"""

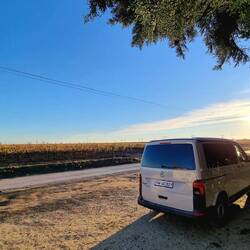 Morgenstimmung südlich von Nîmes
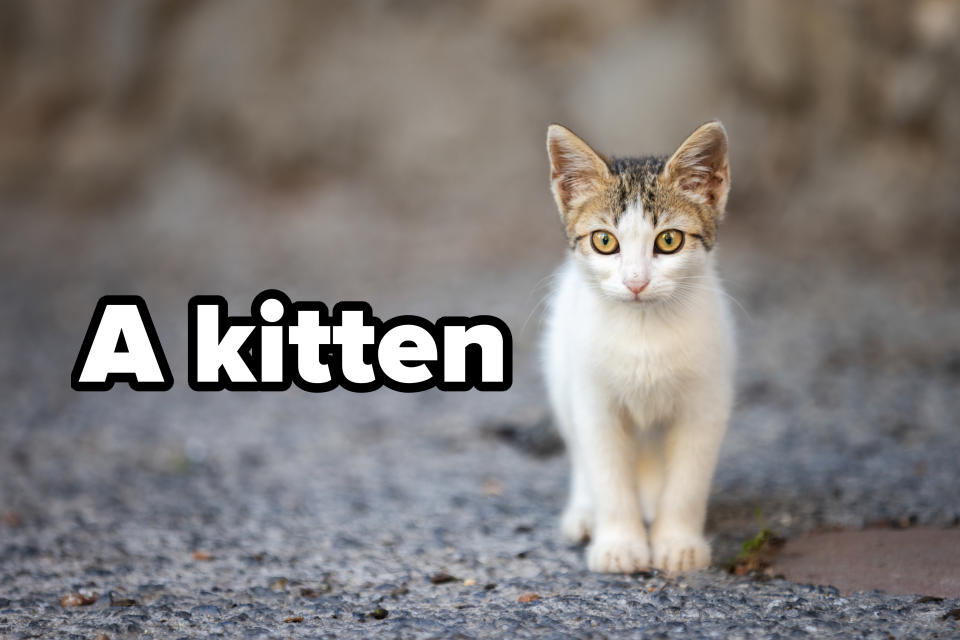 A kitten standing on a gravel path, looking directly at the camera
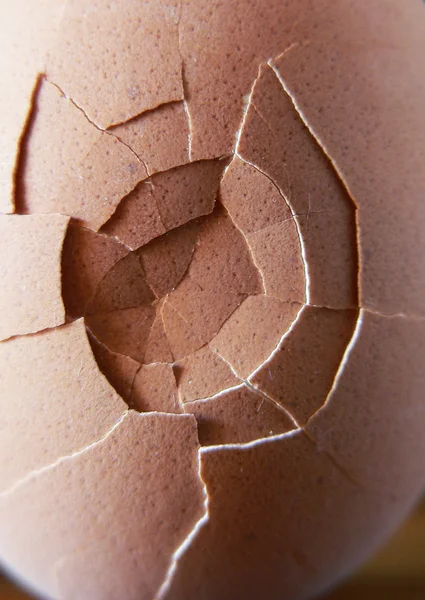 stock image Broken egg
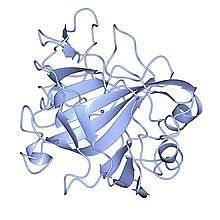 Carbonic Anhydrase: Reactions, Structure & Mechanism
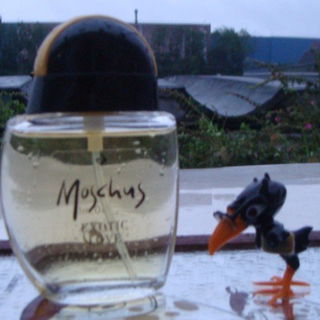 Moschus Exotic Love (Eau de Toilette) - Nerval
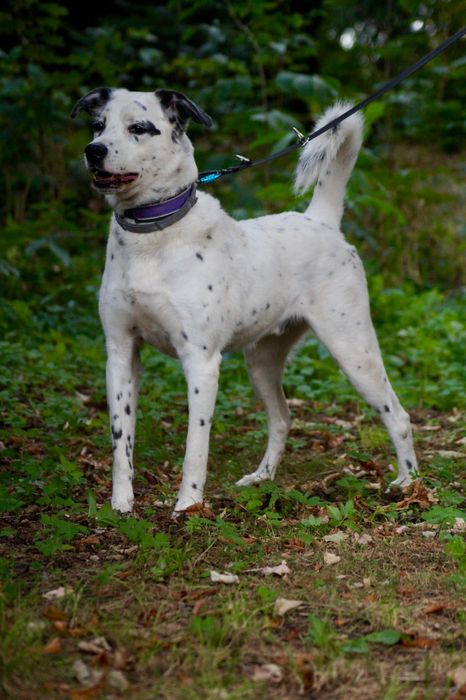 Cziko- domowy mix dalmatyńczyk szuka nowego domu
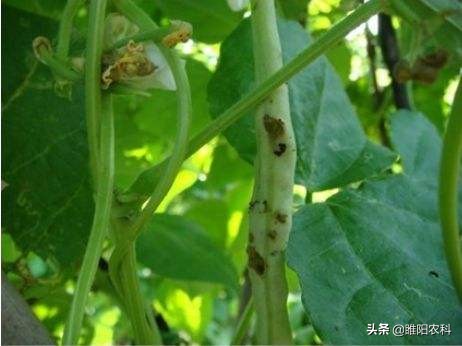 钻心虫怎样彻底消灭,钻心虫虫害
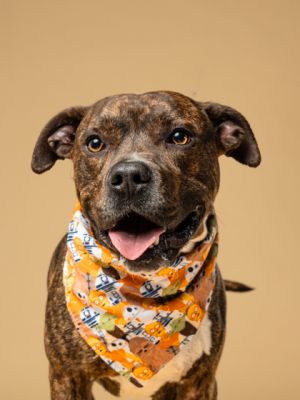 Lemon, Adult Male Pit Bull Terrier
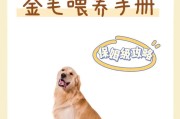 金毛犬的科学喂养方法（满足营养需求，让金毛更健康快乐）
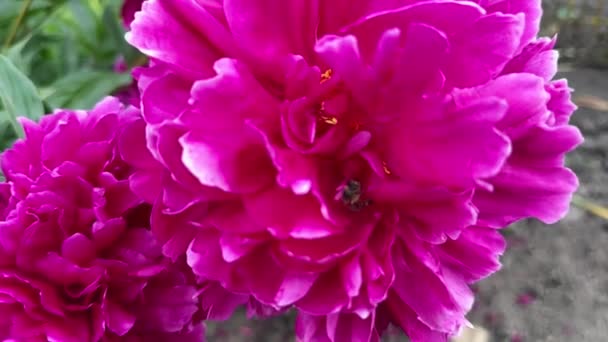 Berkembang Bunga Peony Merah Cerah Close Dan Lebah Madu Mengumpulkan — Stok Video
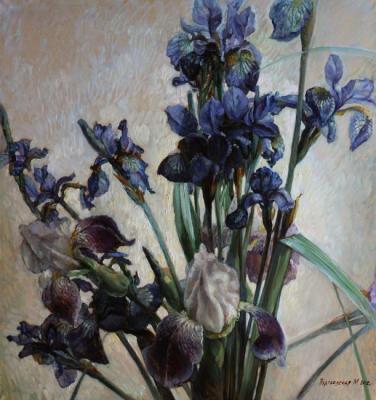 Blue irises on a white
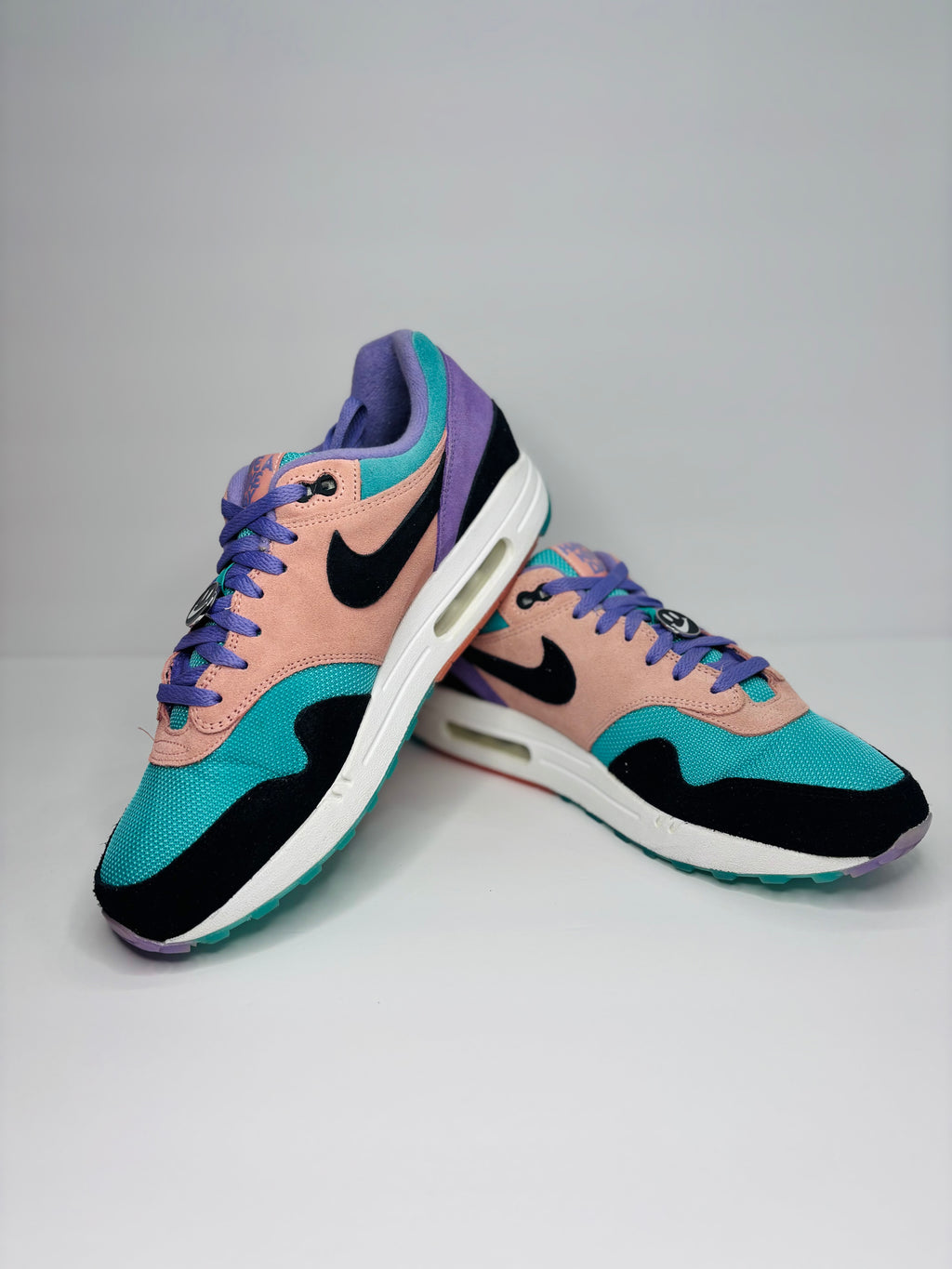 Nike Air Max 1 Have a Nike Day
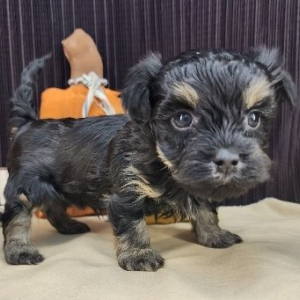 Havanese Puppy Neal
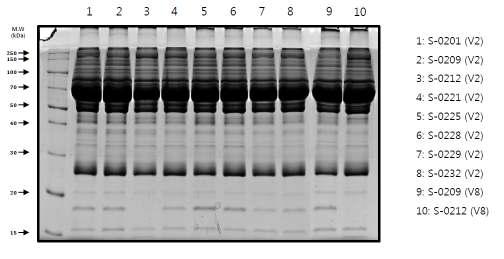 One dimensional electrophrosis for proteomic analysis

"""

#### What to work on:
Only the lines from where the data begins to the line with "Cziko- domowy mix", both of them included, should be reproduced word for word; no pictures.

#### Response to this task:
 Morgenstimmung südlich von Nîmes
 A kitten standing on a gravel path, looking directly at the camera
 stock image Broken egg
 Carbonic Anhydrase: Reactions, Structure & Mechanism
 Moschus Exotic Love (Eau de Toilette) - Nerval
 Cziko- domowy mix dalmatyńczyk szuka nowego domu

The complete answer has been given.